US SEZs for The New Atomic Age:
Energy Innovation Zones
Energy is a fundamental instrument in nearly all things that humans find valuable. Over the past 200 years, there has been consistent growth in energy access per capita at an exponential rate of about 2% a year, mostly due to greater understanding and control over fossil fuels. However, since 1970, our growth in energy access has stagnated. This paper suggests a way to address this stagnation through a low-hanging fruit policy change: The “Energy Innovation Zone” (EIZ). This is a special jurisdiction that focuses on accelerating energy growth. This paper considers EIZs in the United States.
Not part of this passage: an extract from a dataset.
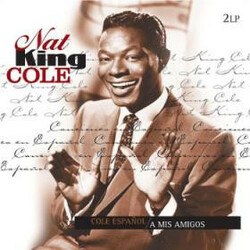 Nat Cole King Cole Espanol/A Mis Amigos Vinyl  LP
We quantify the potential of advanced nuclear and geothermal power based on the extrapolation of historical data and the theoretical limits of each power source and then show that these sources are sufficient for accelerating energy growth. Then we summarize the current state of regulation of underutilized forms of energy production and show that this regulation explains most of the observed stagnation in energy growth. Next, we propose the idea and structure for the Energy Innovation Zone and point out specific statutes that would have the largest impact when relaxed or repealed in the special jurisdiction. Finally, we will conclude with an analysis of the political feasibility of such a proposal. We find that EIZs have the potential for large and long-term impact and are more feasible than other energy policy reform strategies.